- **Brief**
Reproduce, unchanged, the lines between the one holding "Belts for Women" and the last line of the records, including both ends, but no pictures.

- **Stored data**

+--

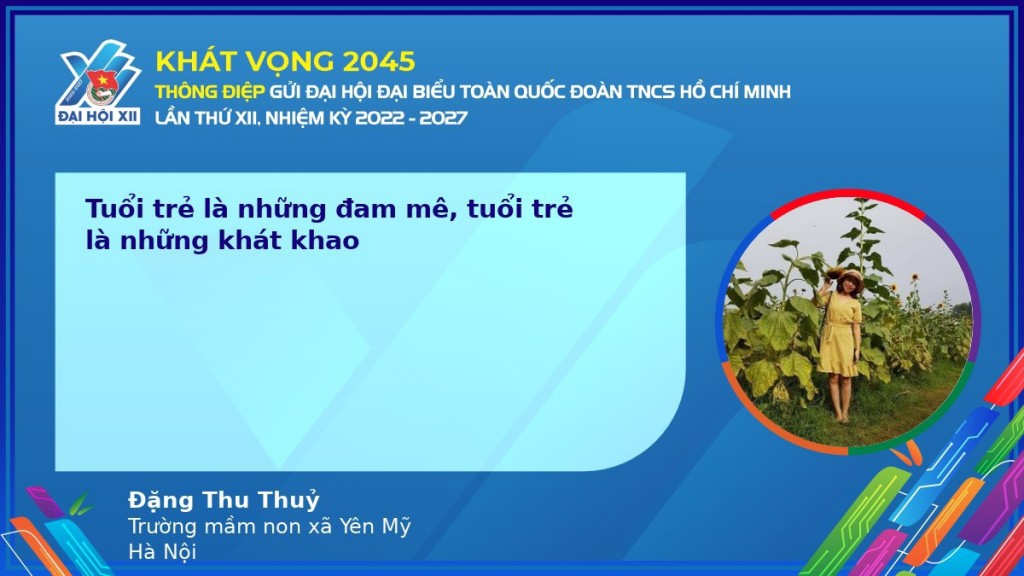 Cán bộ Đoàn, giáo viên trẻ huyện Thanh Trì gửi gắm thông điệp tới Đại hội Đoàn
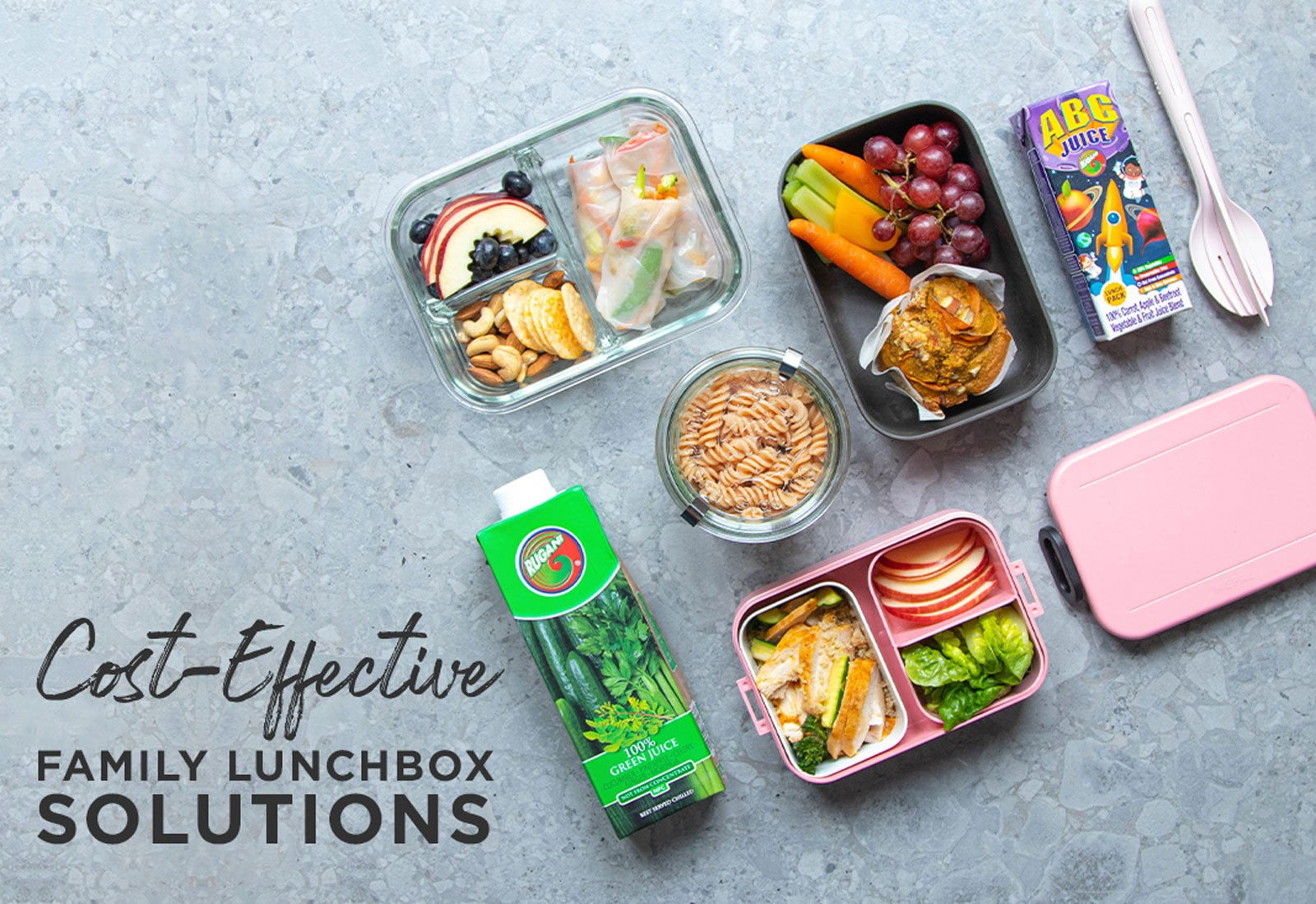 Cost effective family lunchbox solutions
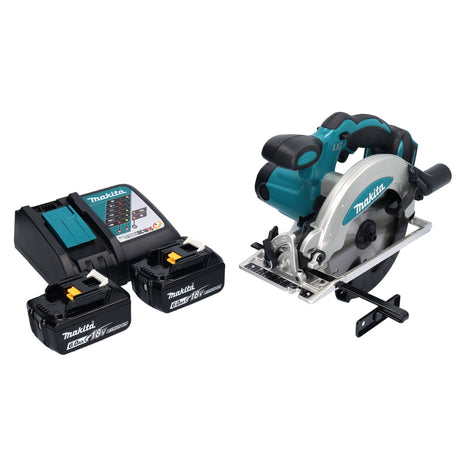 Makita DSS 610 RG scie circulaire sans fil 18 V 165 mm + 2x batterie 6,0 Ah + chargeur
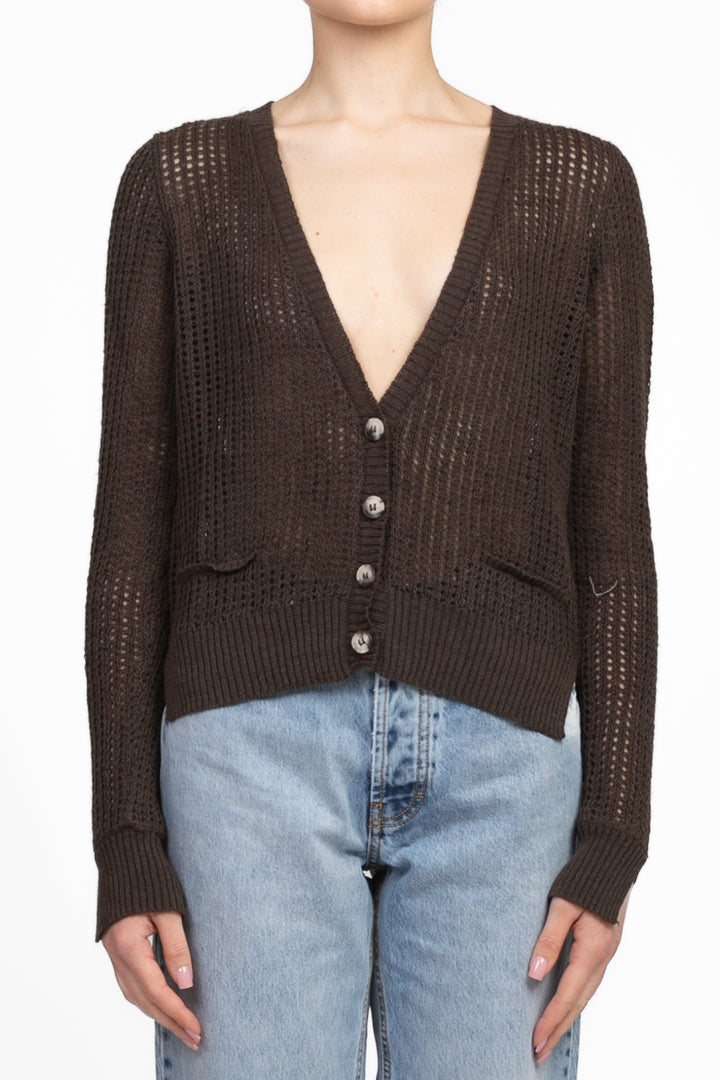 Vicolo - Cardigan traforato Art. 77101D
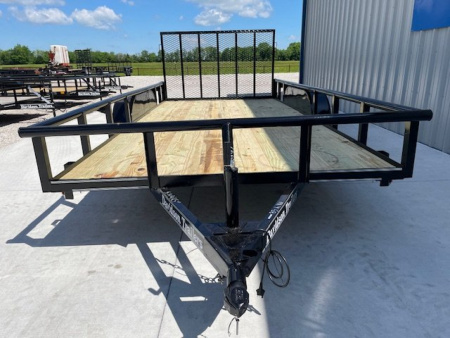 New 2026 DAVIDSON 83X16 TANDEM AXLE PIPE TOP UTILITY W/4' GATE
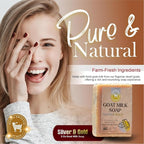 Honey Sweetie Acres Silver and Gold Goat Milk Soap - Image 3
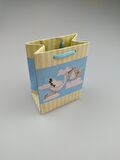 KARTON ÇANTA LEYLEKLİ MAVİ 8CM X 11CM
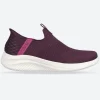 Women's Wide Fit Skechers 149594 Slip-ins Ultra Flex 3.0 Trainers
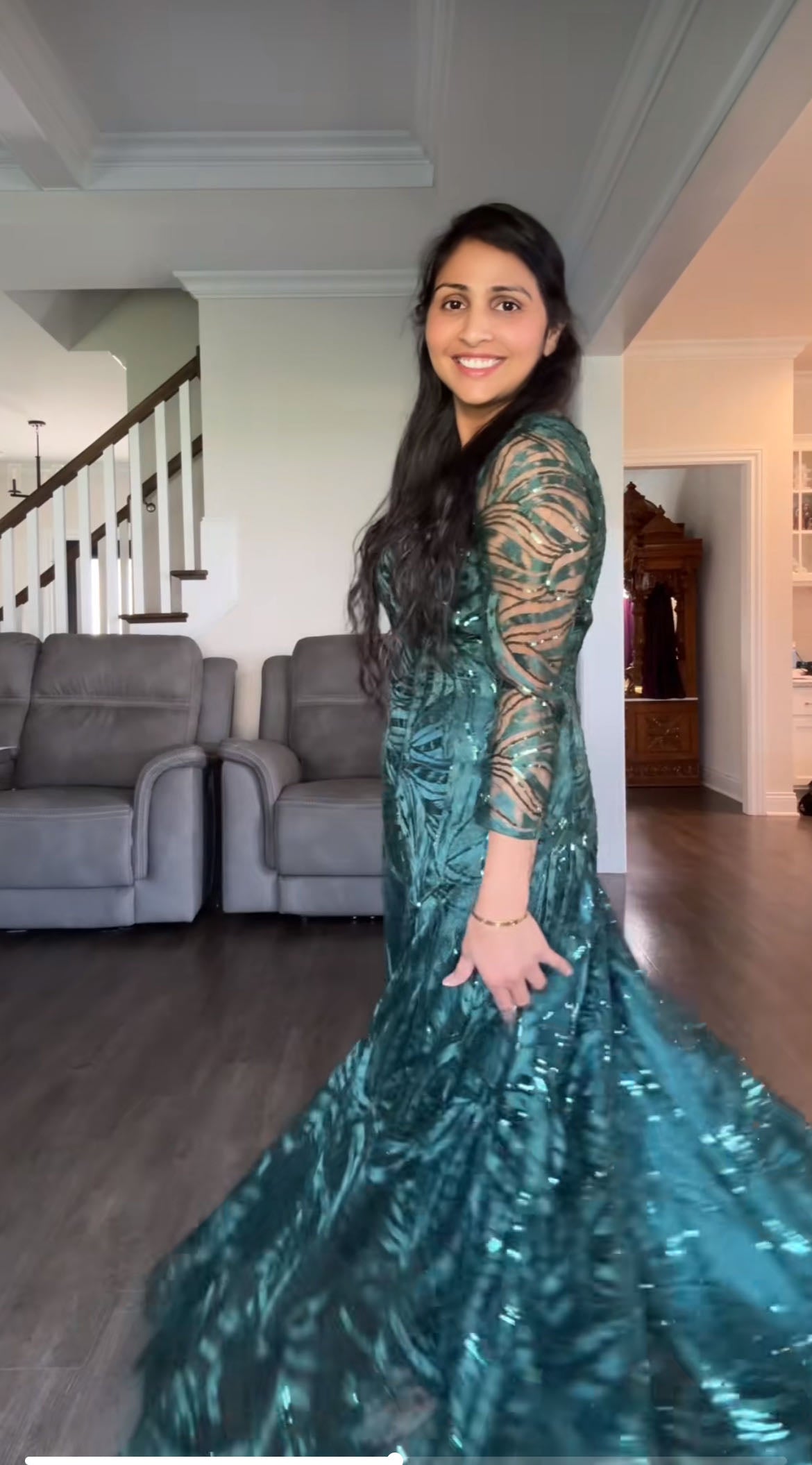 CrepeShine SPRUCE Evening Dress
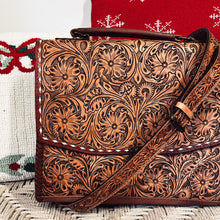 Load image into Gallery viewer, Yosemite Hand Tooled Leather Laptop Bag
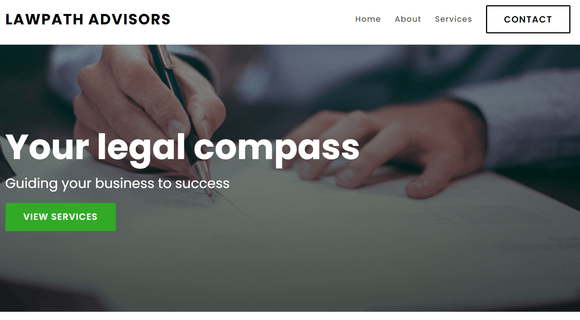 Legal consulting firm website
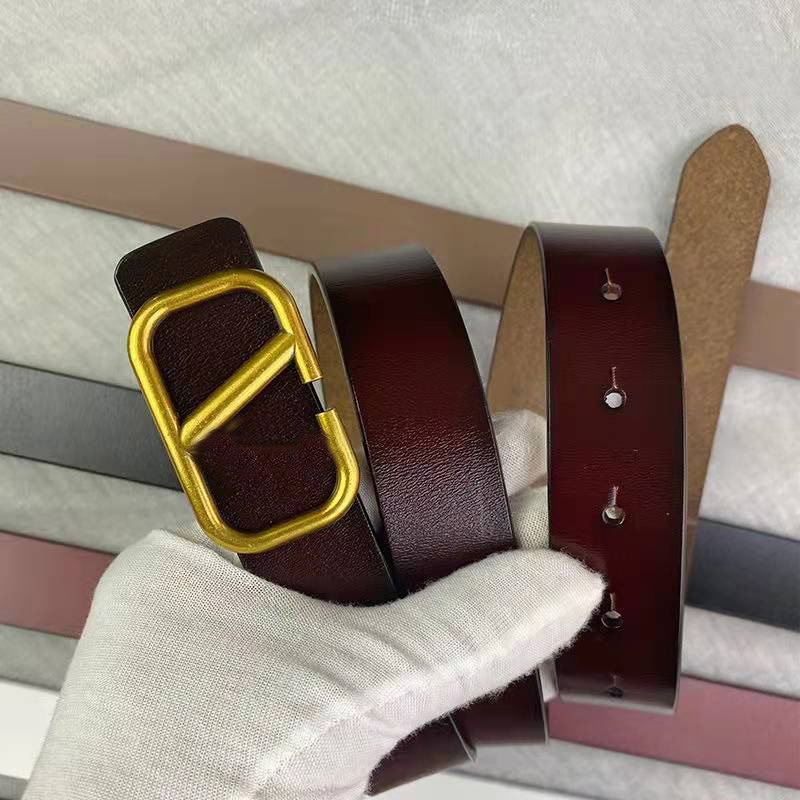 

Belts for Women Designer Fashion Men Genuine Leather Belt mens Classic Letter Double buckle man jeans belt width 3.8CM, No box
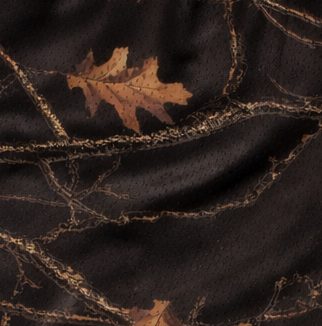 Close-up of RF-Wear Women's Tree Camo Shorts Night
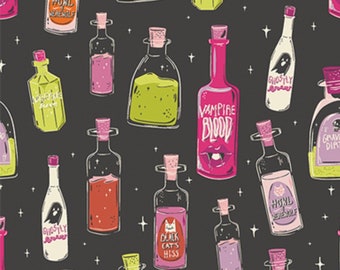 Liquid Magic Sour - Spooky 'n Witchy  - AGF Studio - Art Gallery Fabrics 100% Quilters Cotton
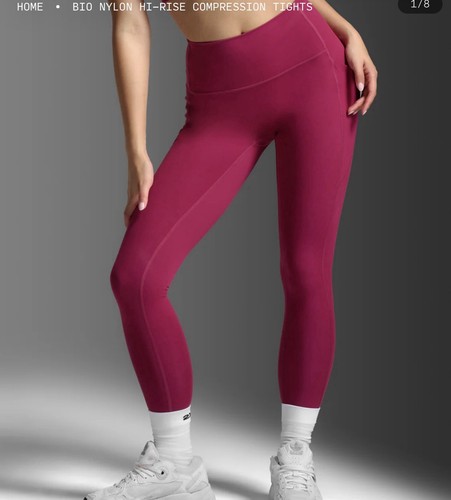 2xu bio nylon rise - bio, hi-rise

+--

- **Expected answer**
Belts for Women Designer Fashion Men Genuine Leather Belt mens Classic Letter Double buckle man jeans belt width 3.8CM, No box
 Close-up of RF-Wear Women's Tree Camo Shorts Night
 Liquid Magic Sour - Spooky 'n Witchy  - AGF Studio - Art Gallery Fabrics 100% Quilters Cotton
 2xu bio nylon rise - bio, hi-rise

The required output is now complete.